I like that bit too and have one, just not in a 7" for my percheron. I'd have to have it made by Myler for her, which I may just do.


----------



## COWCHICK77 (Jun 21, 2010)

I have yet to see a TT hanging in a trainers tackroom, that ought to tell you something....


----------



## Laffeetaffee (Dec 5, 2012)

CowboyBob said:


> Ok so I know someone that used this bit, "because their horse wouldn't stop" I never got them to understand that they needed to retrain the horse. I never understood this bit.
> 
> 
> 
> ...


[/QUOTE]
Lol I remember I was teaching my little neighbor about different bits and how they work, and I was putting them on my horse and saying "this is how you use this bit" and such... and I found a TTB in my barn and I half considered just leaving it in there, but I wanted to show her the effects of it. So I put it on my horse and she immediately stuck her head straight in the air. My little neighbor was so confused, she said "Are you pulling on the reins?? How come her head is so high?" I had the reins dropped on the horse's neck, I wasn't even touching them and the horse was reacting that bad.


----------



## JustImagine (Dec 2, 2012)

> Lol I remember I was teaching my little neighbor about different bits and how they work, and I was putting them on my horse and saying "this is how you use this bit" and such... and I found a TTB in my barn and I half considered just leaving it in there, but I wanted to show her the effects of it. So I put it on my horse and she immediately stuck her head straight in the air. My little neighbor was so confused, she said "Are you pulling on the reins?? How come her head is so high?" I had the reins dropped on the horse's neck, I wasn't even touching them and the horse was reacting that bad.

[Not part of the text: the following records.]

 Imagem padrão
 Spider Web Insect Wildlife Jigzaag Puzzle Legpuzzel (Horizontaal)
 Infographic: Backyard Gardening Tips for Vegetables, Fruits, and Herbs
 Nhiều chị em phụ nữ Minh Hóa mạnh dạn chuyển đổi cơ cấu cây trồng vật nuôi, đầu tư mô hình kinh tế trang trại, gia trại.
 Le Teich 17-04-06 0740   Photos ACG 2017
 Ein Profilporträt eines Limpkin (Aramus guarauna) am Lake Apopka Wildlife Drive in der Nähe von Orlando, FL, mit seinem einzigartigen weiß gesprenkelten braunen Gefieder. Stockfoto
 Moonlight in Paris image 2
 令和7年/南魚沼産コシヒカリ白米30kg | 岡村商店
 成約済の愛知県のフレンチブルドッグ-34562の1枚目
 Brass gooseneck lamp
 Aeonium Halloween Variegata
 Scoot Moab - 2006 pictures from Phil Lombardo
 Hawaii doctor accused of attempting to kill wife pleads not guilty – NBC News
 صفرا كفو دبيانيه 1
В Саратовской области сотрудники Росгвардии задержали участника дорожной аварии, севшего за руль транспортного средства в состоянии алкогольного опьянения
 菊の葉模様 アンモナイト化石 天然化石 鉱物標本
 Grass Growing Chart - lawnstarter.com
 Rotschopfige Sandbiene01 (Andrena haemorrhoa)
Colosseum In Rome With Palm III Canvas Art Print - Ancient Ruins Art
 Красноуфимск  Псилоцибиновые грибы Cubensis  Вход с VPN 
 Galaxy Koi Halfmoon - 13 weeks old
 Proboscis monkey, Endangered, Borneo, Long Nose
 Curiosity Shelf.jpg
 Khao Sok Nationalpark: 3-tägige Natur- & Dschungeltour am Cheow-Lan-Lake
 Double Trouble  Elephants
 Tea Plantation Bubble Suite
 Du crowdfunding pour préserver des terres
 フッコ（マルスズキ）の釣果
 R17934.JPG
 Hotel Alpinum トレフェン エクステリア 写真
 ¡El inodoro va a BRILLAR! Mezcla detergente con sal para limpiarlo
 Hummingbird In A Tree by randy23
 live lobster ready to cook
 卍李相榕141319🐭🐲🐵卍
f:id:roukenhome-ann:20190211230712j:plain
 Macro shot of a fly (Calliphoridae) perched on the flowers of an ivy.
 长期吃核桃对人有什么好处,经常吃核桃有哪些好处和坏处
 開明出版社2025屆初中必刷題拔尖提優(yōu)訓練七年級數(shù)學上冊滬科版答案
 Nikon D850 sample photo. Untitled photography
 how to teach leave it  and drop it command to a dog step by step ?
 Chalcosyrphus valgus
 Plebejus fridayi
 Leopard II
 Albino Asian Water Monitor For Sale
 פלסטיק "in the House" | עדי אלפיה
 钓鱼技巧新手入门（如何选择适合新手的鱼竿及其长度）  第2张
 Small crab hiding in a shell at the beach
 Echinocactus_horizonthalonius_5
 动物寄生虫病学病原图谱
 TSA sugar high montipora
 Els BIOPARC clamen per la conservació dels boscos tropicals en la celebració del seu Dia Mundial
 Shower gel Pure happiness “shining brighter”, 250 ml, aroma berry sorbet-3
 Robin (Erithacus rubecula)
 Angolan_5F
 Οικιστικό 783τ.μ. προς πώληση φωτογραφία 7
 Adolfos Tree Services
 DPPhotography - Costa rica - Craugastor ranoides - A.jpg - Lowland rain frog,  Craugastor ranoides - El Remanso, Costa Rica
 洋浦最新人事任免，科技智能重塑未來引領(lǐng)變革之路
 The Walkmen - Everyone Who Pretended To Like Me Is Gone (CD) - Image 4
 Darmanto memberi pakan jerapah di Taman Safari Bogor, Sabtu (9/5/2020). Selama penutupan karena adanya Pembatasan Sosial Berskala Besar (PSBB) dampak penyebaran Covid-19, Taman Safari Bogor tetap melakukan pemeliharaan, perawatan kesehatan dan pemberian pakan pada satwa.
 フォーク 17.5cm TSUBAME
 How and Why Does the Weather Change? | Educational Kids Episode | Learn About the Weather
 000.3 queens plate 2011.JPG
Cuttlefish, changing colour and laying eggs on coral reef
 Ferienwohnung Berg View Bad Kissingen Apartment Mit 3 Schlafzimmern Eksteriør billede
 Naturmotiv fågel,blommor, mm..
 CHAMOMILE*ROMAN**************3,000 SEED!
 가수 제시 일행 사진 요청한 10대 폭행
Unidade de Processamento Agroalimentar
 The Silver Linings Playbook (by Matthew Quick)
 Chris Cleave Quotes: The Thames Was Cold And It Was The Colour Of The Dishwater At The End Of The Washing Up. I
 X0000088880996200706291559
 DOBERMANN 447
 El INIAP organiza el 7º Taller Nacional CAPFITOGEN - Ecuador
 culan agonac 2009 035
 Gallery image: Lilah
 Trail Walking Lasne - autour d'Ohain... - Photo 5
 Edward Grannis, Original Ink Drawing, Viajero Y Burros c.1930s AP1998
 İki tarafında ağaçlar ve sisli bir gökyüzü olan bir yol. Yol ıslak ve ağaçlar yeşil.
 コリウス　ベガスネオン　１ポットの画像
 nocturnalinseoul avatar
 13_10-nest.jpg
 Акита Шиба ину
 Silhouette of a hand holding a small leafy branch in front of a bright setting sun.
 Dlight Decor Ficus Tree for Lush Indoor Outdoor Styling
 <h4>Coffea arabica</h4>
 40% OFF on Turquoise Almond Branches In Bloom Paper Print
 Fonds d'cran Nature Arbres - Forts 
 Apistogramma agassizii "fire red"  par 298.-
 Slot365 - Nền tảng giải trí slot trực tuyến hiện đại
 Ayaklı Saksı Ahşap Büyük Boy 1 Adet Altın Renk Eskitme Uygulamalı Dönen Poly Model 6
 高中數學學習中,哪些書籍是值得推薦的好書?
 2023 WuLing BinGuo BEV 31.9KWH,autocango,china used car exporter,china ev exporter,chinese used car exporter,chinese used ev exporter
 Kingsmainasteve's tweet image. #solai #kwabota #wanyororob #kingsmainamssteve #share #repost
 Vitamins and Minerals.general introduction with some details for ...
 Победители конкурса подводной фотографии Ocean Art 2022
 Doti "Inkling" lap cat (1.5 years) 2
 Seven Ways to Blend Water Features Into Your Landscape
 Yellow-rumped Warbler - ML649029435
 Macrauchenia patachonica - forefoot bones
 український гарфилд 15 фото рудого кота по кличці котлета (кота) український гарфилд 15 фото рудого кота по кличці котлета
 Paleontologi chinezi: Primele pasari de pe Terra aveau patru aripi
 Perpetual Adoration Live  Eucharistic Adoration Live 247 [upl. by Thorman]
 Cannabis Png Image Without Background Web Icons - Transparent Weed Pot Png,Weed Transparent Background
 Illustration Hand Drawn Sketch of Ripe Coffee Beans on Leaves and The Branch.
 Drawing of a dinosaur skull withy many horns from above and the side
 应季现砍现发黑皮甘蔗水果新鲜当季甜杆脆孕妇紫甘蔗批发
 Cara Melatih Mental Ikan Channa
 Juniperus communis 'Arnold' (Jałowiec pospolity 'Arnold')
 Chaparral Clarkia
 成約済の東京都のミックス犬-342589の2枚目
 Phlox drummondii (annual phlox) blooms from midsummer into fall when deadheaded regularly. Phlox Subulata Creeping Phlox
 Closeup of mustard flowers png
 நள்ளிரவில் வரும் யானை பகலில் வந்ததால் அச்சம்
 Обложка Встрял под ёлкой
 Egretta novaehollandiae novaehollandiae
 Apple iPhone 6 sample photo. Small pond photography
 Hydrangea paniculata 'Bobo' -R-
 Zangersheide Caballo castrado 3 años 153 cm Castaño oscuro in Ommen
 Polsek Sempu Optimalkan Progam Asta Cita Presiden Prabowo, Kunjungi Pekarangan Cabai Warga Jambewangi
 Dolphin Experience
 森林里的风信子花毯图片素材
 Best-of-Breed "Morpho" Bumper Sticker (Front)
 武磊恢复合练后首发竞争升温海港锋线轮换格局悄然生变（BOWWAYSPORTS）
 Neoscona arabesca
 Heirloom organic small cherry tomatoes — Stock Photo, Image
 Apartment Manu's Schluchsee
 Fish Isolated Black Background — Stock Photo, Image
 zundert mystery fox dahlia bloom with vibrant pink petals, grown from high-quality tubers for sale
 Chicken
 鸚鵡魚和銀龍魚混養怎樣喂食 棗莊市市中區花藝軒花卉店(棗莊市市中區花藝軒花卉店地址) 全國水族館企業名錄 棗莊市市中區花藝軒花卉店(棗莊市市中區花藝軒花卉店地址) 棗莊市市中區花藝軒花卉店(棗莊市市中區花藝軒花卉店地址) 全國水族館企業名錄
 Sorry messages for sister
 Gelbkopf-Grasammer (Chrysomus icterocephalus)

That's exactly how my Arab was in the TT his first owners had him using; he would jam his head straight in the air. So what did they do? They tied his head down :shock: For YEARS. One of the best days of my life, was the day I put a bit in my Arab's mouth and he didn't clench his teeth to keep it out. I can't even begin to tell you how badly the combination of that bit and the tie-down messed him up.


----------



## howrsegirl123 (Feb 19, 2012)

I used a Tom Thumb on a horse once, only because that's all we had. But he would always pull and gape his mouth. So I switched to a plain snaffle and all of that stopped. He wasn't hard mouthed, it was the bit :/
_Posted via Mobile Device_


----------



## RiverBelle (Dec 11, 2012)

*Too Harsh?*

I don't want to 'steal' someone's thread, but I saw this thread, started reading, and thought that maybe I had been mistaken about horse bits too, like a couple other people had mentioned. You may want to read the whole thing to get the idea.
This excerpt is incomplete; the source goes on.